Based on various changes with the Statcast download format I am providing updated functions for creating your own pitch-by-pitch database from Statcast using the baseballr package.
First, reinstall the most recent version of baseballr to make sure the data is formatted properly.
Next, you will run the following two functions as outlined in the original post.
Here’s the new code for thew two main functions–annual_statcast_query
and format_append_statcast
:
annual_statcast_query <- function(season) {
data_base_column_types <- read_csv("https://app.box.com/shared/static/q326nuker938n2nduy81au67s2pf9a3j.csv")
dates <- seq.Date(as.Date(paste0(season, '-03-01')),
as.Date(paste0(season, '-12-01')), by = '4 days')
date_grid <- tibble::tibble(start_date = dates,
end_date = dates + 3)
safe_savant <- purrr::safely(scrape_statcast_savant)
payload <- purrr::map(.x = seq_along(date_grid$start_date),
~{message(paste0('\nScraping week of ', date_grid$start_date[.x], '...\n'))
payload <- safe_savant(start_date = date_grid$start_date[.x],
end_date = date_grid$end_date[.x], type = 'pitcher')
return(payload)
})
payload_df <- purrr::map(payload, 'result')
number_rows <- purrr::map_df(.x = seq_along(payload_df),
~{number_rows <- tibble::tibble(week = .x,
number_rows = length(payload_df[[.x]]$game_date))}) %>%
dplyr::filter(number_rows > 0) %>%
dplyr::pull(week)
payload_df_reduced <- payload_df[number_rows]
payload_df_reduced_formatted <- purrr::map(.x = seq_along(payload_df_reduced),
~{cols_to_transform <- c("fielder_2", "pitcher_1", "fielder_2_1", "fielder_3",
"fielder_4", "fielder_5", "fielder_6", "fielder_7",
"fielder_8", "fielder_9")
df <- purrr::pluck(payload_df_reduced, .x) %>%
dplyr::mutate_at(.vars = cols_to_transform, as.numeric) %>%
dplyr::mutate_at(.vars = cols_to_transform, function(x) {
ifelse(is.na(x), 999999999, x)
})
character_columns <- data_base_column_types %>%
dplyr::filter(class == "character") %>%
dplyr::pull(variable)
numeric_columns <- data_base_column_types %>%
dplyr::filter(class == "numeric") %>%
dplyr::pull(variable)
integer_columns <- data_base_column_types %>%
dplyr::filter(class == "integer") %>%
dplyr::pull(variable)
df <- df %>%
dplyr::mutate_if(names(df) %in% character_columns, as.character) %>%
dplyr::mutate_if(names(df) %in% numeric_columns, as.numeric) %>%
dplyr::mutate_if(names(df) %in% integer_columns, as.integer)
return(df)
})
combined <- payload_df_reduced_formatted %>%
dplyr::bind_rows()
combined
}
format_append_statcast <- function(df) {
# function for appending new variables to the data set
additional_info <- function(df) {
# apply additional coding for custom variables
df$hit_type <- with(df, ifelse(type == "X" & events == "single", 1,
ifelse(type == "X" & events == "double", 2,
ifelse(type == "X" & events == "triple", 3,
ifelse(type == "X" & events == "home_run", 4, NA)))))

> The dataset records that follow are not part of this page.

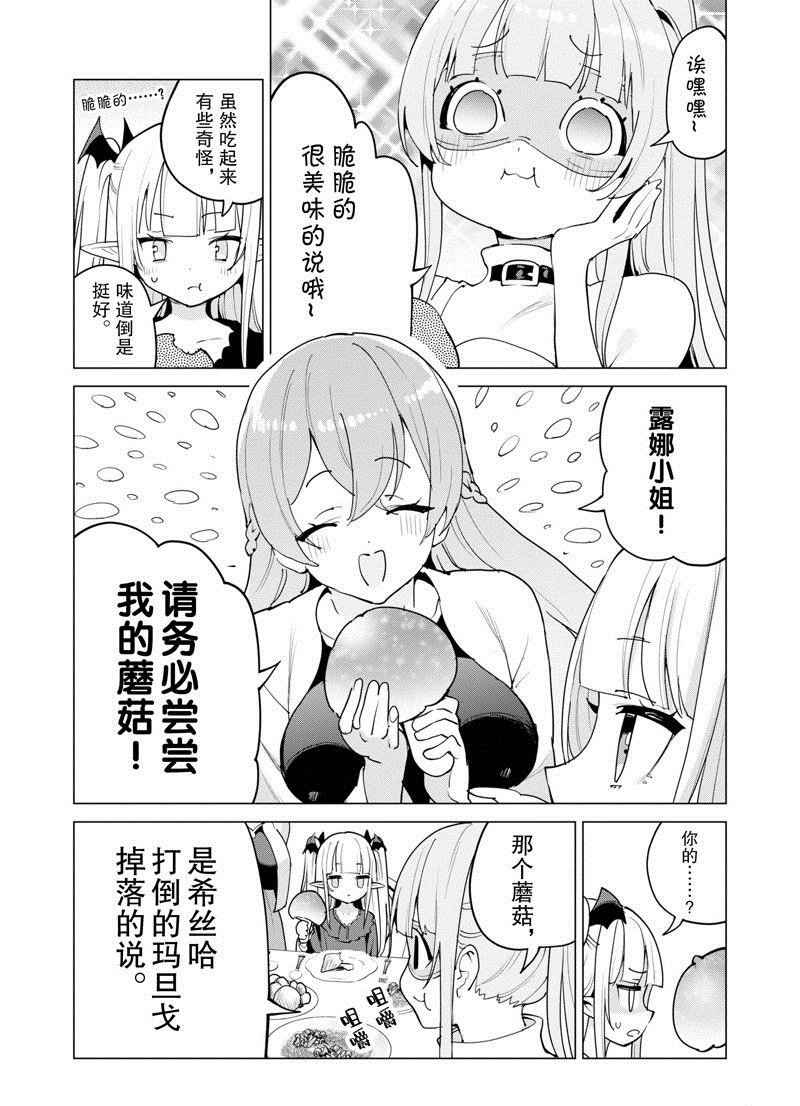 第53话 试看版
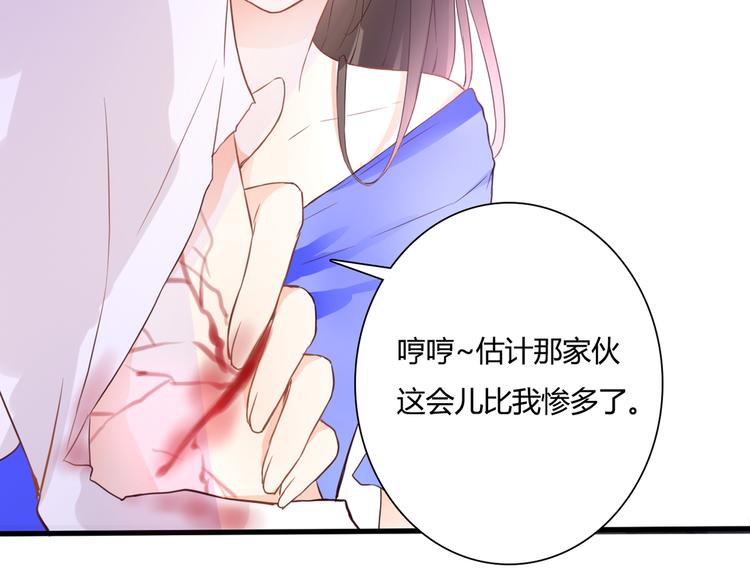 第49话 插翅难飞56
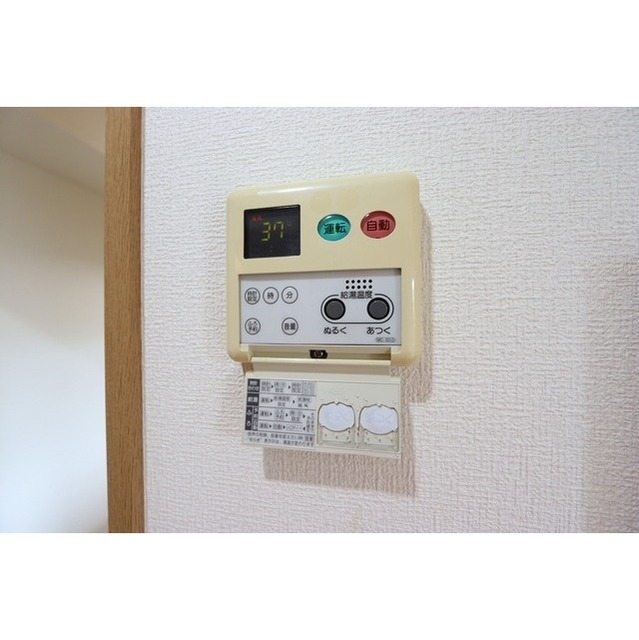 ローズパレス202号室 給湯システム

df$hit <- with(df, ifelse(type == "X" & events == "single", 1,
ifelse(type == "X" & events == "double", 1,
ifelse(type == "X" & events == "triple", 1,
ifelse(type == "X" & events == "home_run", 1, NA)))))
df$fielding_team <- with(df, ifelse(inning_topbot == "Bot", away_team, home_team))
df$batting_team <- with(df, ifelse(inning_topbot == "Bot", home_team, away_team))
df <- df %>%
dplyr::mutate(barrel = ifelse(launch_angle <= 50 & launch_speed >= 98 & launch_speed * 1.5 - launch_angle >= 117 & launch_speed + launch_angle >= 124, 1, 0))
df <- df %>%
dplyr::mutate(spray_angle = round(
(atan(
(hc_x-125.42)/(198.27-hc_y)
)*180/pi*.75)
,1)
)
df <- df %>%
dplyr::filter(!is.na(game_year))
return(df)
}
df <- df %>%
additional_info()
df$game_date <- as.character(df$game_date)
df <- df %>%
dplyr::arrange(game_date)
df <- df %>%
dplyr::filter(!is.na(game_date))
df <- df %>%
dplyr::ungroup()
df <- df %>%
dplyr::select(setdiff(names(.), c("error")))
return(df)
}